Done. You could figure out a way of cutting all the links, but the links are actually pretty interesting. If you want to go that way, try [regex101](https://regex101.com), set it to "Python" and paste some raw text below. That way you'll have a very easy way of tinkering with the regex.

![](images/2022-03-03-21-29-35.png)

But keeping the links we only have to go over the entire list and create our list of dictionaries!

In [70]:
output_list = []

for item in the_list[1:]:
    found = re.findall(r"<td>(.*?)\n?</td>", the_list[1], flags=re.DOTALL)

    dict = {}
    for index, text in enumerate(found):
        dict[table_titles[index]] = text
    output_list.append(dict)

print(output_list[7]["Model"])

<a href="/wiki/Acorn_Atom" title="Acorn Atom">Acorn Atom</a>


So that was a simple example.
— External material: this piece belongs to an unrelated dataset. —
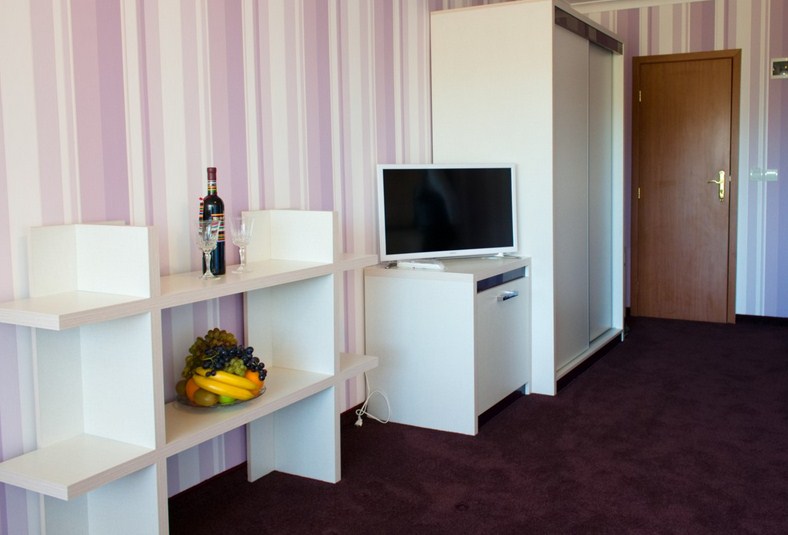Crystal Hotel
Simple because we used wikipedia: wikipedia prouds itself in creating nice and structured pages. Suppose you wanted to know all the records of "the heaviest list", the list of 666 heavy metal records that StuBru broadcasts every year around easter, then you'd have a much bigger problem. Check the following screenshot:

![](images/2022-03-02-15-47-09.png)

Notice the "loading" in the center? This means the list is generated by using JavaScript after the page has loaded. Therefore the request we made in the beginning won't contain the list. You can solve this using better screenscraping methods which, incidentally, are the topic of the next couple of notebooks.